*REQUIRED ACTION*
In the data below, begin at the line with "元気な白いデイジーの花 お誕生日おめでとうカード" and stop after the line with "Growing Giant Pumpkins"; output those lines exactly and no pictures.

*EXERCISE INPUTS*
========================================

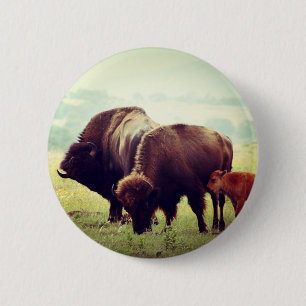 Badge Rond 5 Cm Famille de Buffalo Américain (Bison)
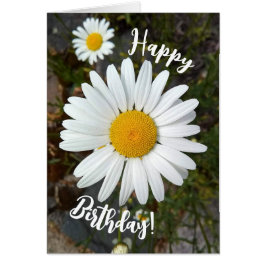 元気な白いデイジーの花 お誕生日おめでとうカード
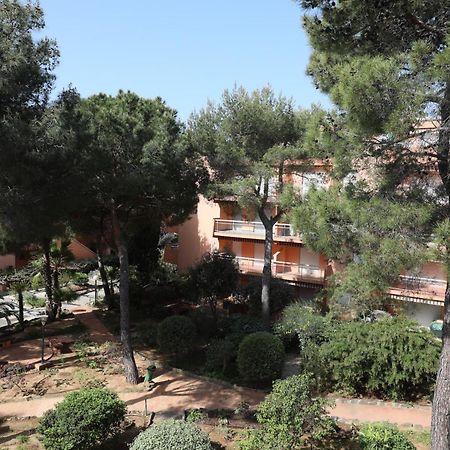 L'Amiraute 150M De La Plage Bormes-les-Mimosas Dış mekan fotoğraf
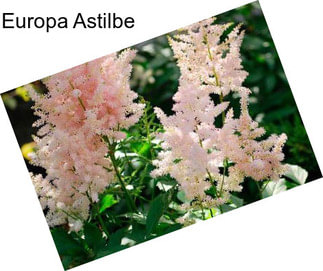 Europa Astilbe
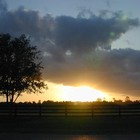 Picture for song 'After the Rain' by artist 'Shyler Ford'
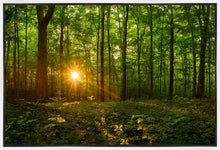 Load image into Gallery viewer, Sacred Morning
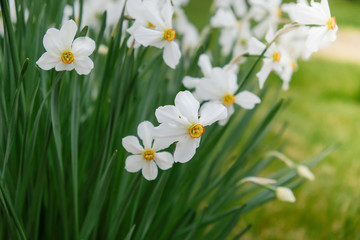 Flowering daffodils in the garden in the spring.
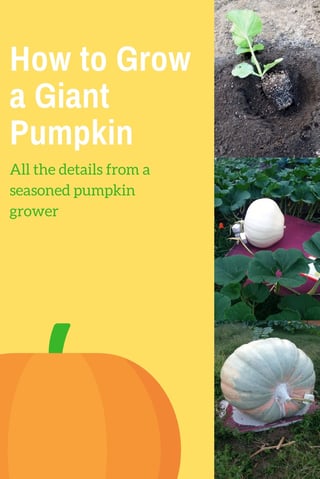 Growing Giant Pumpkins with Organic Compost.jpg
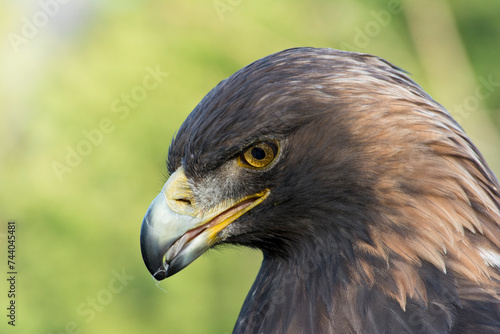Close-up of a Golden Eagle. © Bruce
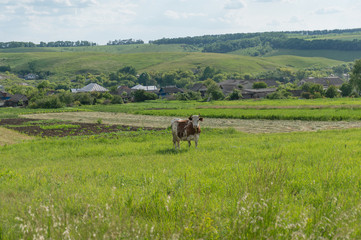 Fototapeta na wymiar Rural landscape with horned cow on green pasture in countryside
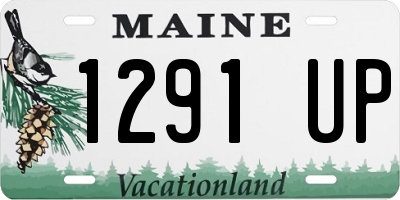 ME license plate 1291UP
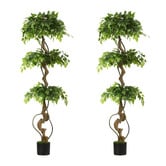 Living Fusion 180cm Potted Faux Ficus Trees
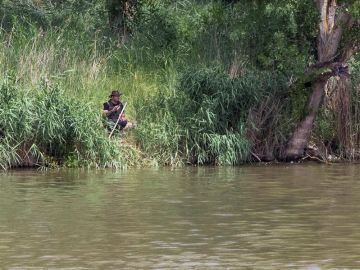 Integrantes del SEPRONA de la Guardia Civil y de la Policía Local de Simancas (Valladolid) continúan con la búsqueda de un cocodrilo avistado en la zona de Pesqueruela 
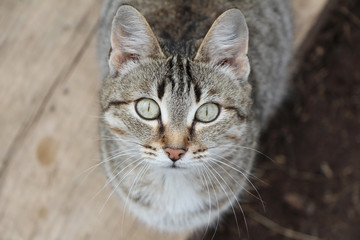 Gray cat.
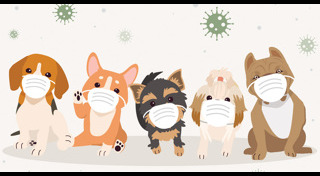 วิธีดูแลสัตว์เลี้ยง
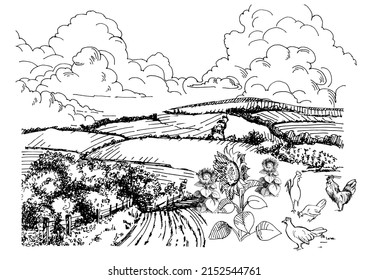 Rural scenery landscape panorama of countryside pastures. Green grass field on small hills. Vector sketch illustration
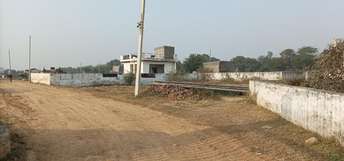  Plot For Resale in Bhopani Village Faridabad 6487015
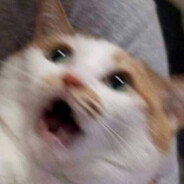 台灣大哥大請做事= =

========================================

*EXERCISE RESPONSE*
 元気な白いデイジーの花 お誕生日おめでとうカード
 L'Amiraute 150M De La Plage Bormes-les-Mimosas Dış mekan fotoğraf
 Europa Astilbe
 Picture for song 'After the Rain' by artist 'Shyler Ford'
 Load image into Gallery viewer, Sacred Morning
 Flowering daffodils in the garden in the spring.
 Growing Giant Pumpkins with Organic Compost.jpg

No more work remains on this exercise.